* INSTRUCTIONS TO FOLLOW:
With the material below, print exactly the lines between the line holding "Mapa de ubicacion" and the line holding "NC license plate AAT3678", inclusive. Add nothing else.

* INPUT:

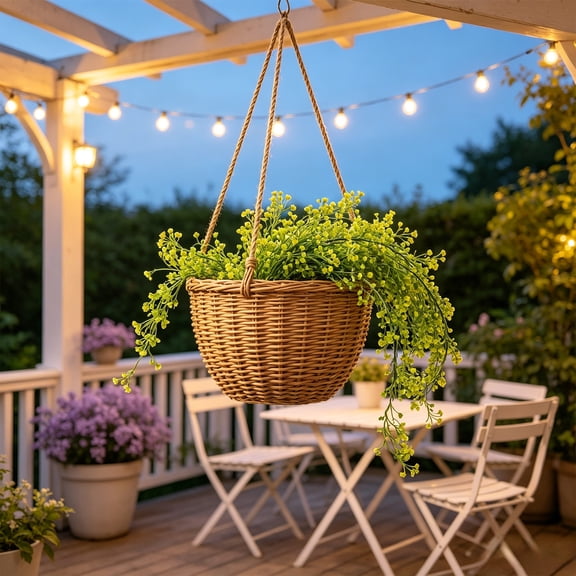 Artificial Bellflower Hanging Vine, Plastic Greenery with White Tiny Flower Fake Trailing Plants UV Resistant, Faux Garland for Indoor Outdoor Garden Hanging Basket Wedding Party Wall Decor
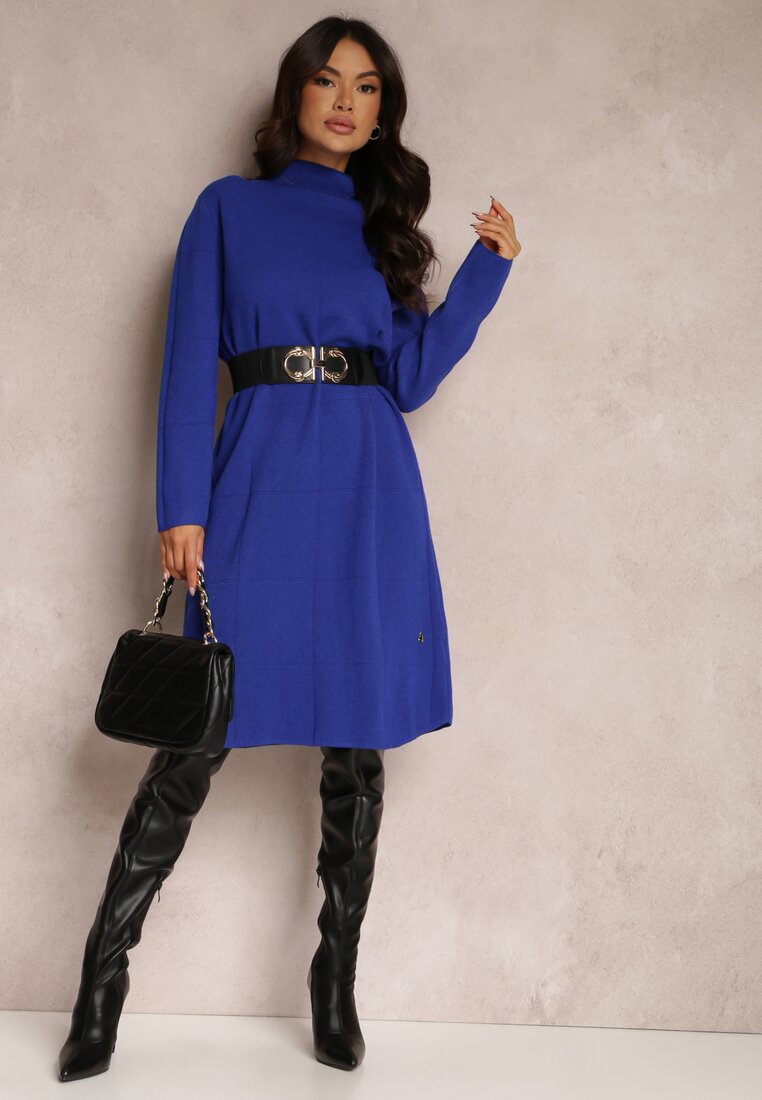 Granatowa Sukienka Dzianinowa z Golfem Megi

--

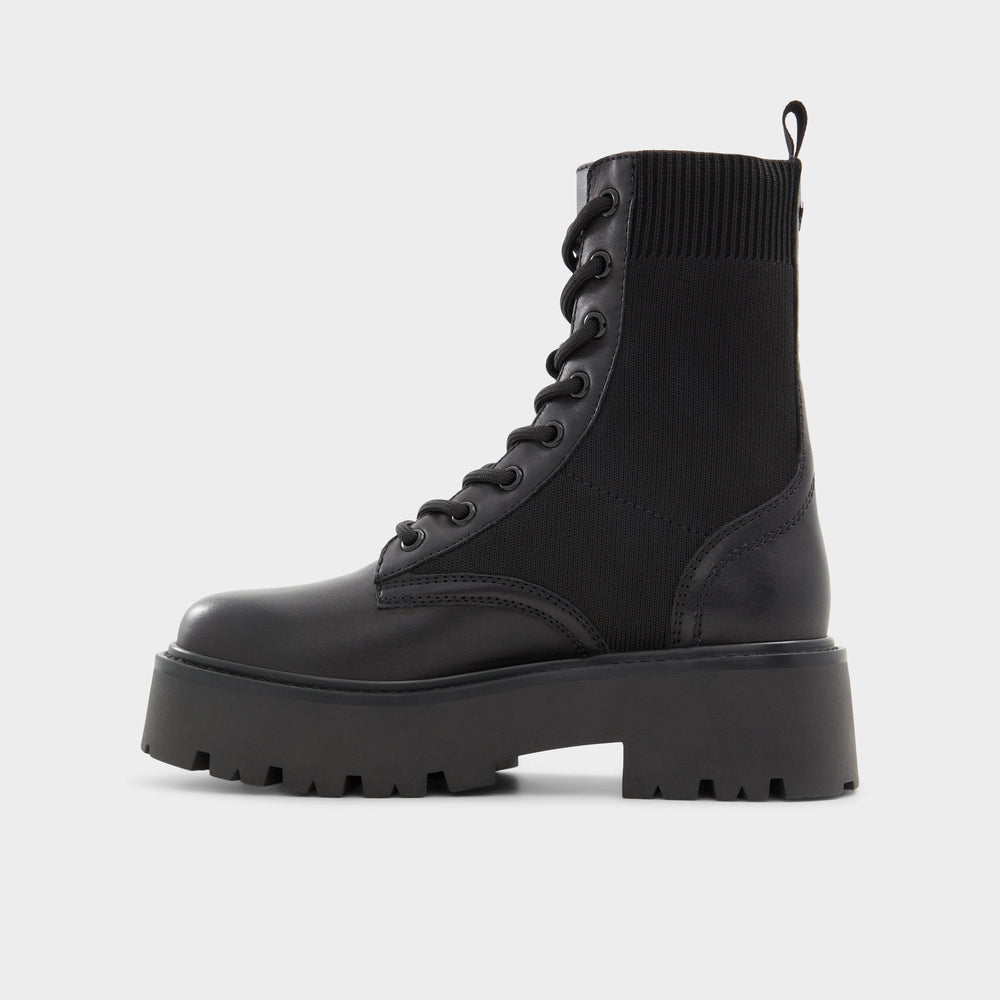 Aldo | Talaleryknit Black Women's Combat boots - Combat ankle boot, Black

--

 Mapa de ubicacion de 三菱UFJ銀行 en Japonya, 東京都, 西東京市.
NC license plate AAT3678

* EXERCISE OUTPUT:
 Mapa de ubicacion de 三菱UFJ銀行 en Japonya, 東京都, 西東京市.
NC license plate AAT3678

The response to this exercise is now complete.